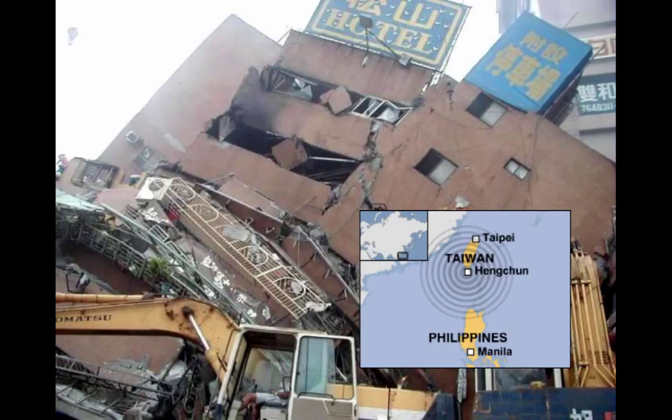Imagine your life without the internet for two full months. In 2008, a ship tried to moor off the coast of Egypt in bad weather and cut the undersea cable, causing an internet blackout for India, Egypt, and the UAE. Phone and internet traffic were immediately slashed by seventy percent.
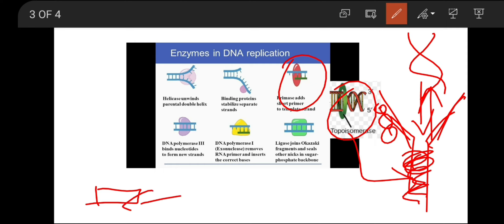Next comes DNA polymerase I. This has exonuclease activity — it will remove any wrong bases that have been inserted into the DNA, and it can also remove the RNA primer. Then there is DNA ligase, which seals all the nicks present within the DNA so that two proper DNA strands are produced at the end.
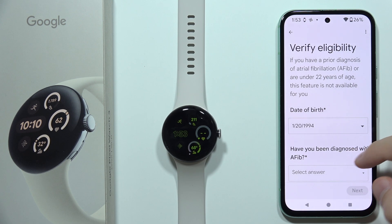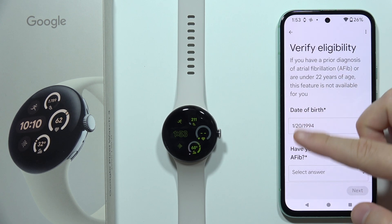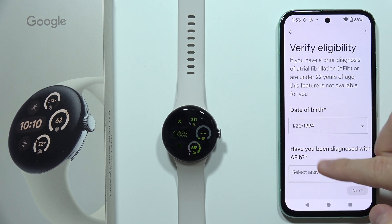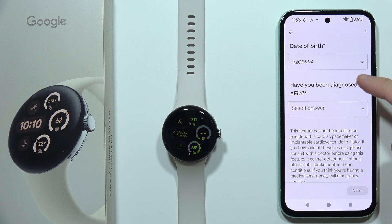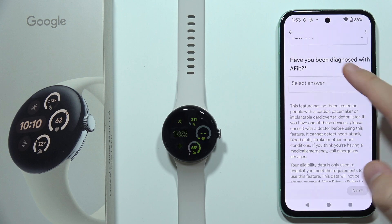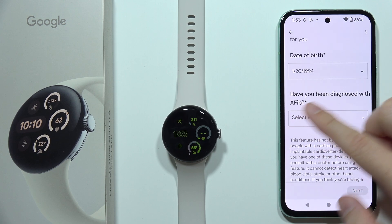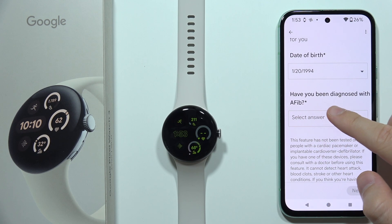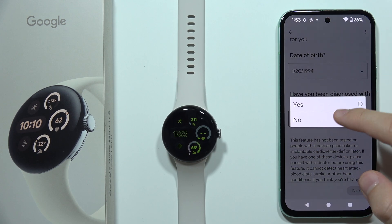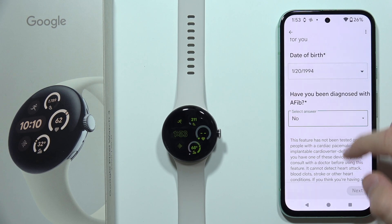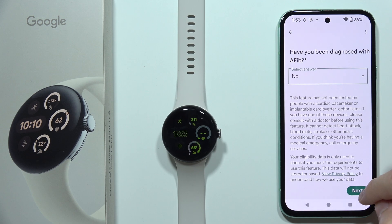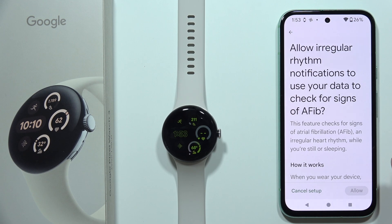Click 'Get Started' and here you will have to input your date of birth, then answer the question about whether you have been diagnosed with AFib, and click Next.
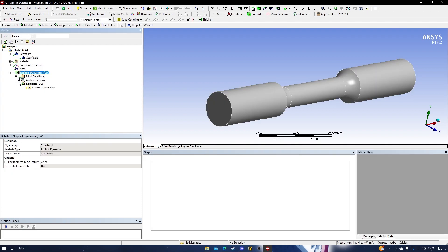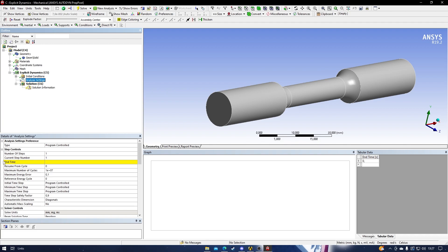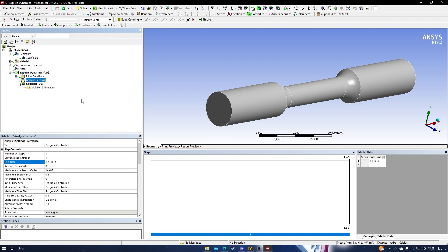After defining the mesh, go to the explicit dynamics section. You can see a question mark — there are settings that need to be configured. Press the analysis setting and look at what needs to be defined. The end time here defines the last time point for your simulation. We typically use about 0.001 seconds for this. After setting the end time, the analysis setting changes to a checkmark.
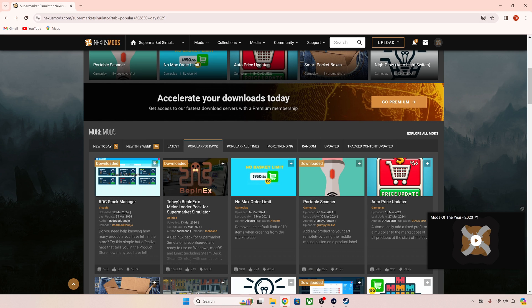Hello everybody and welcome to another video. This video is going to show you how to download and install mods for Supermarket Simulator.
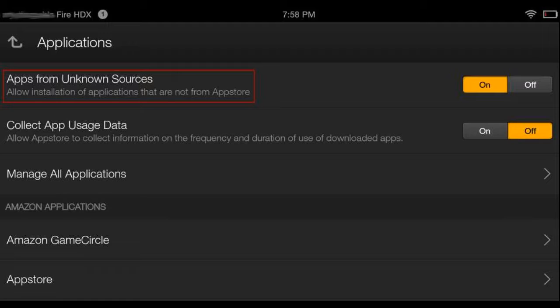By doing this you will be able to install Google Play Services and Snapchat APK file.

* * *

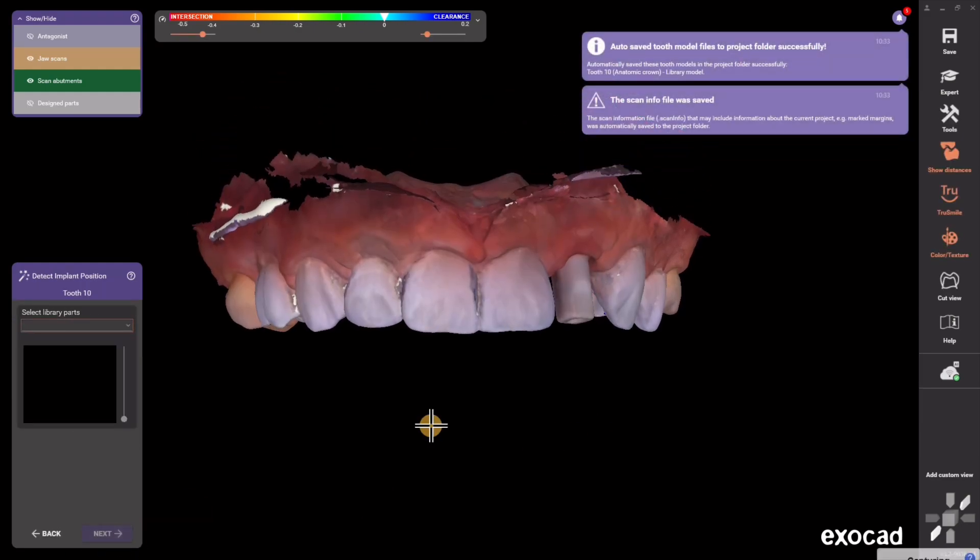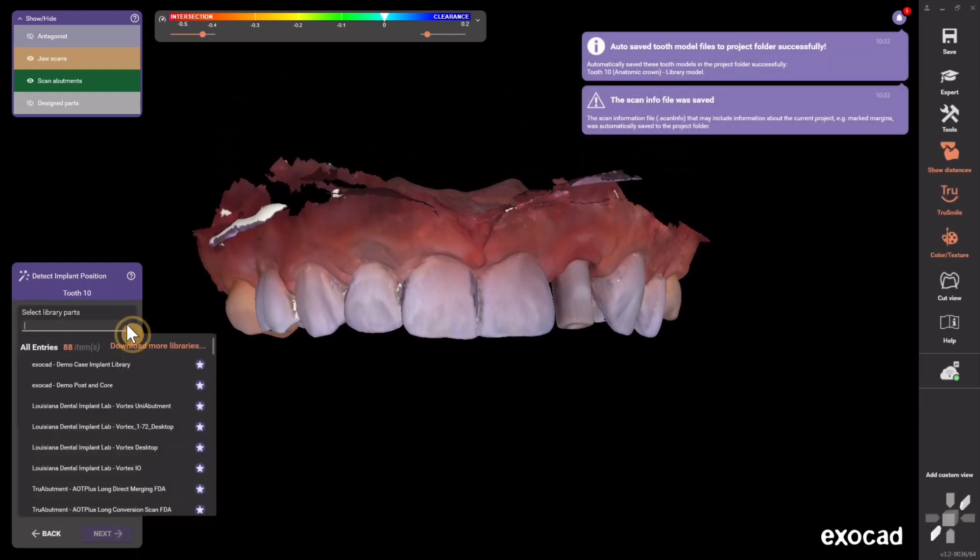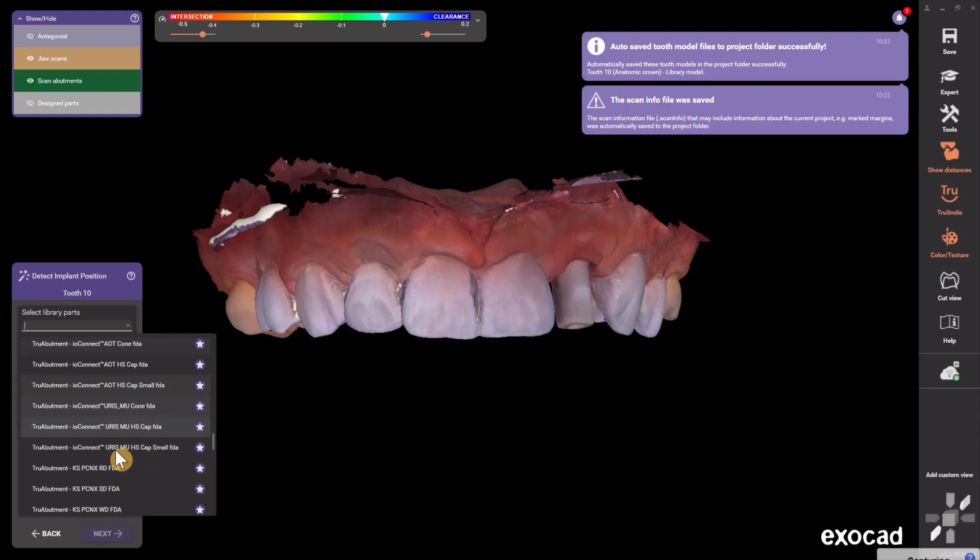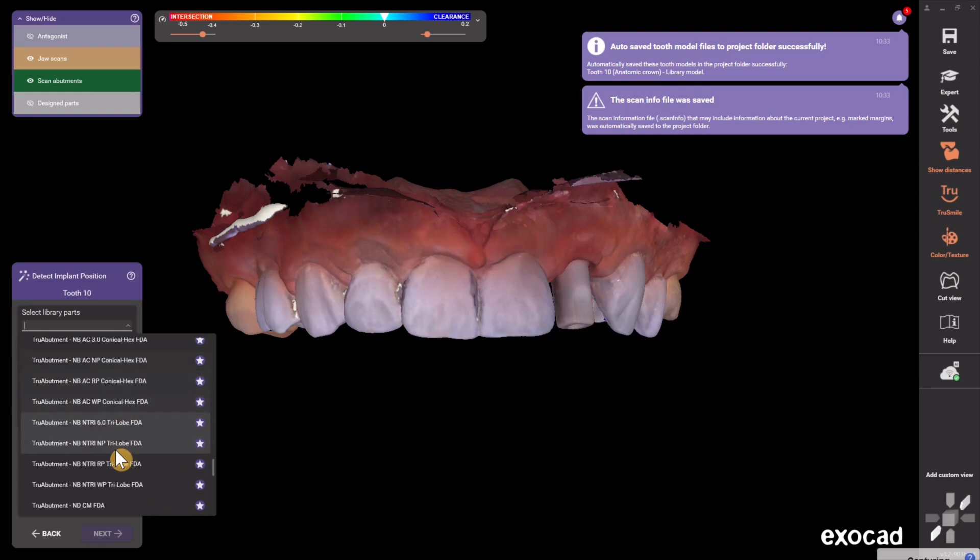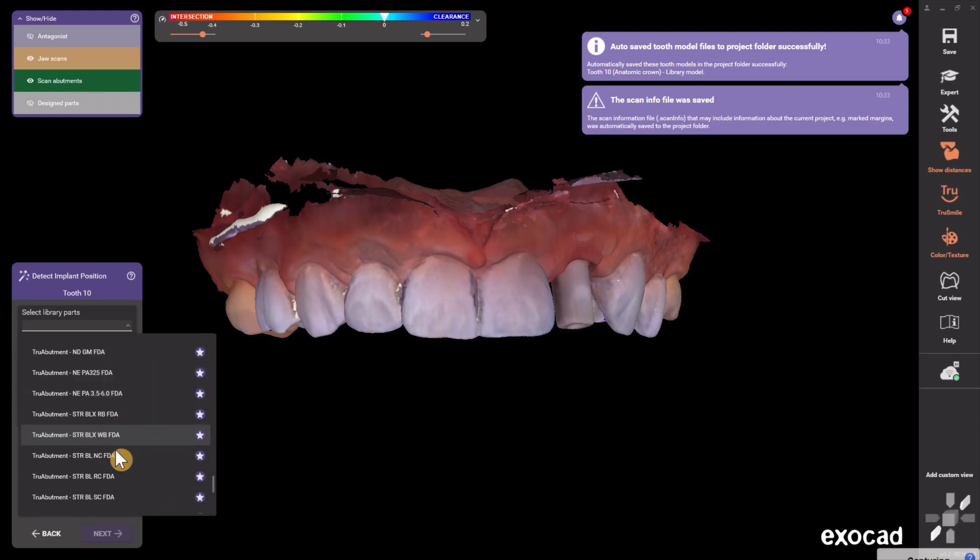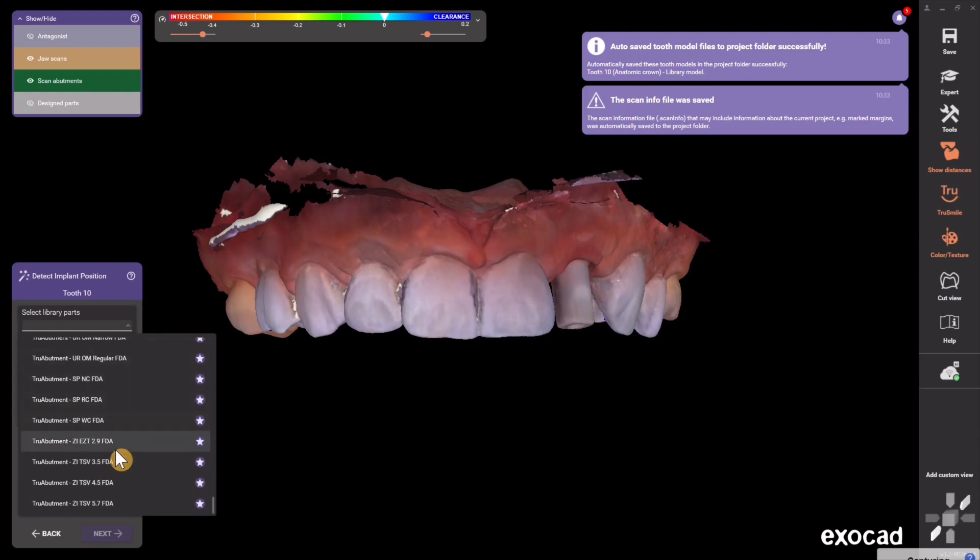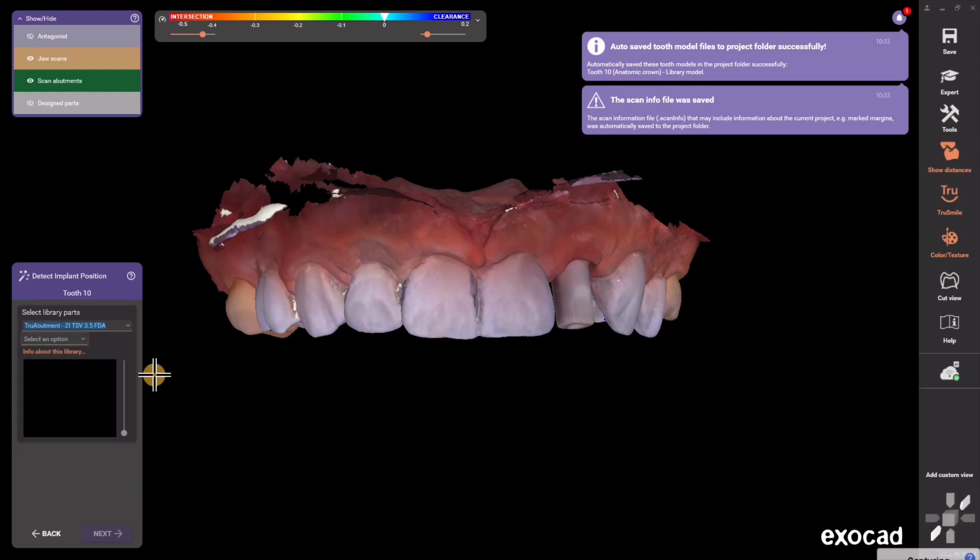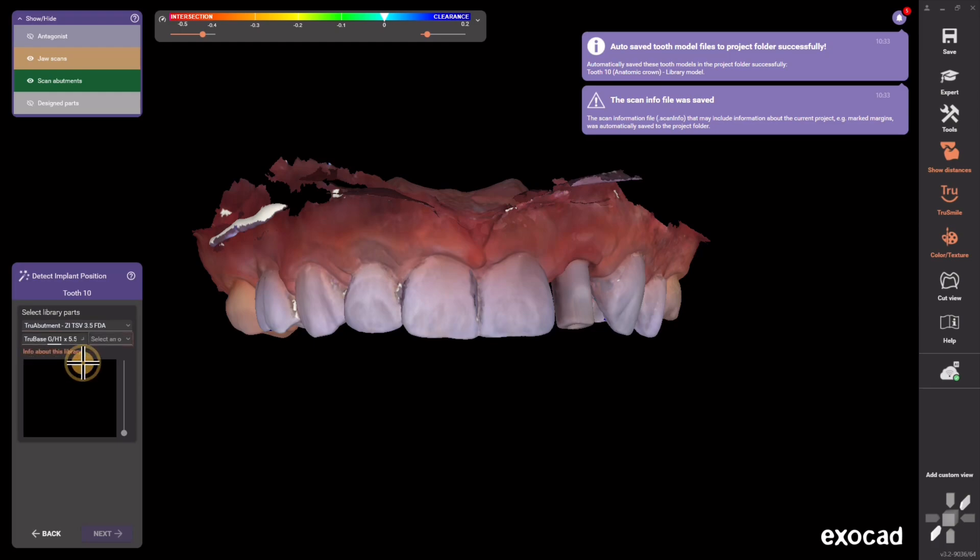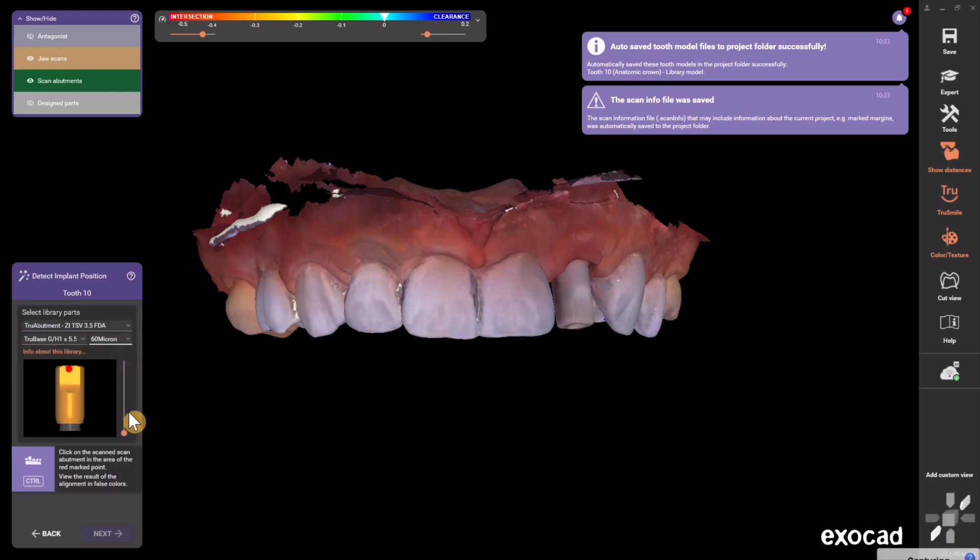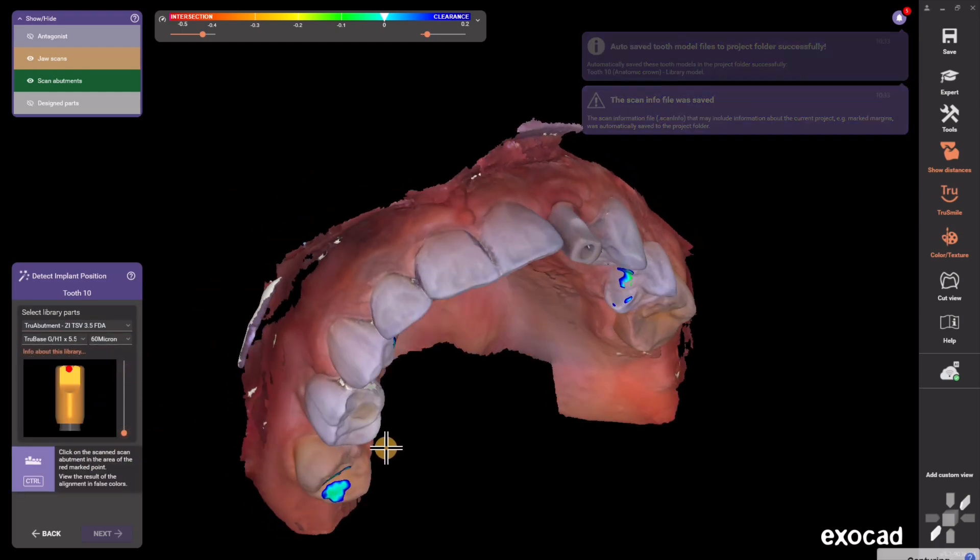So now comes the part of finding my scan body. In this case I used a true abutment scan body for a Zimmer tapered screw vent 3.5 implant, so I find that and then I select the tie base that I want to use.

§ **AIM OF THE TASK**
Transcribe only this stretch of the data: the line with "Imagine your life", the line with "After defining the", and every line in between. Leave out the pictures.

§ **COMPLETED EXERCISE**
Imagine your life without the internet for two full months. In 2008, a ship tried to moor off the coast of Egypt in bad weather and cut the undersea cable, causing an internet blackout for India, Egypt, and the UAE. Phone and internet traffic were immediately slashed by seventy percent.
Next comes DNA polymerase I. This has exonuclease activity — it will remove any wrong bases that have been inserted into the DNA, and it can also remove the RNA primer. Then there is DNA ligase, which seals all the nicks present within the DNA so that two proper DNA strands are produced at the end.
Click 'Get Started' and here you will have to input your date of birth, then answer the question about whether you have been diagnosed with AFib, and click Next.
After defining the mesh, go to the explicit dynamics section. You can see a question mark — there are settings that need to be configured. Press the analysis setting and look at what needs to be defined. The end time here defines the last time point for your simulation. We typically use about 0.001 seconds for this. After setting the end time, the analysis setting changes to a checkmark.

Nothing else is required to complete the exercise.